**RECORDS TO PROCESS:**

<<<<

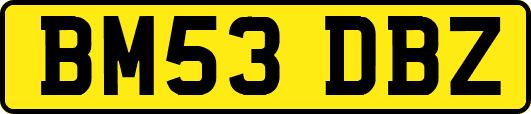 BM53DBZ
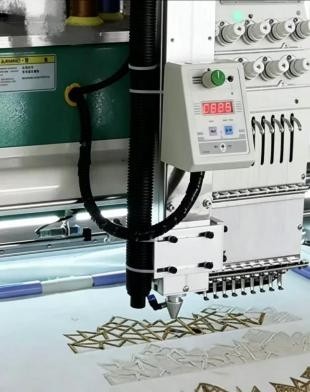 Embroidery Laser Device suppliers Embroidery Laser Device suppliers
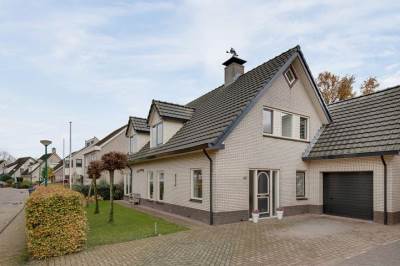 Woning Spikhorst 63 Renswoude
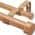 Wood Grain color or pattern variation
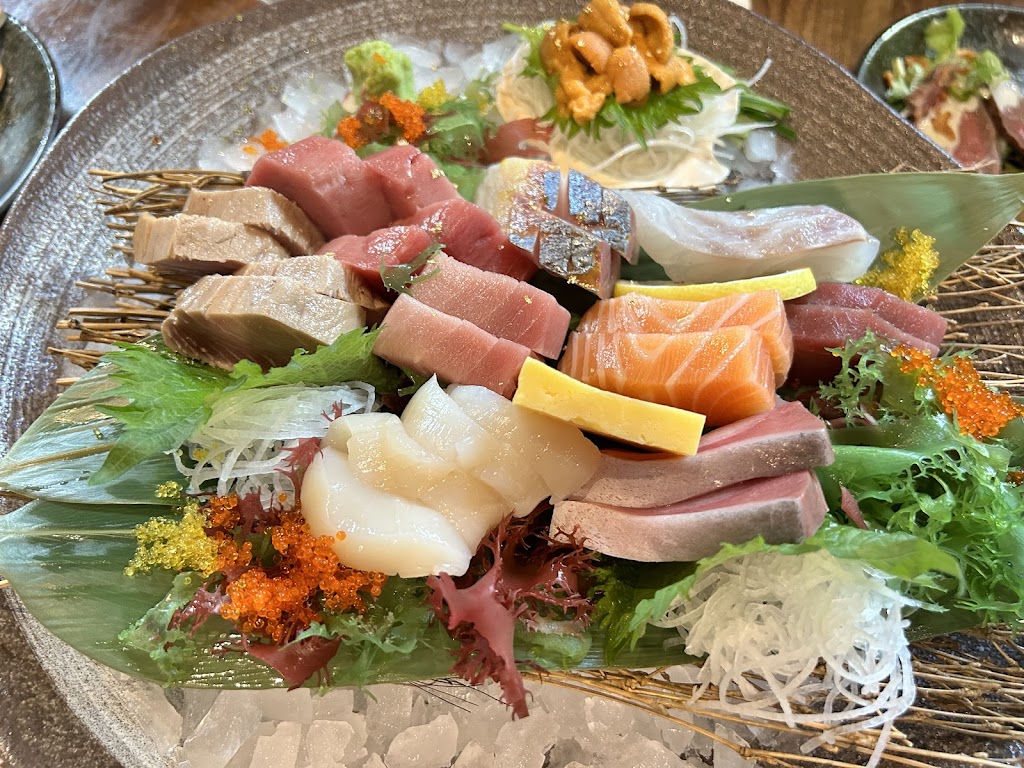 Sashimi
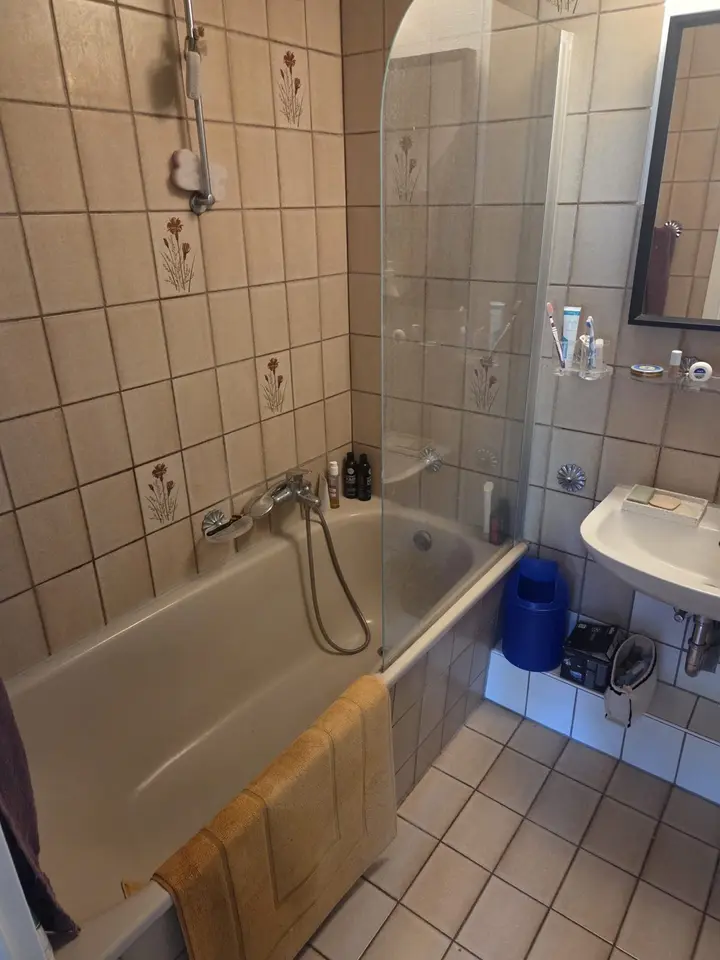 4 Zimmer Wohnung mit 65 m² in Norderstedt – Bild 8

>>>>

The lines from the one containing "Wood Grain color or pattern variation" to the last line of the records, both included: print exactly those and nothing else, leaving out any pictures.

 Wood Grain color or pattern variation
 Sashimi
 4 Zimmer Wohnung mit 65 m² in Norderstedt – Bild 8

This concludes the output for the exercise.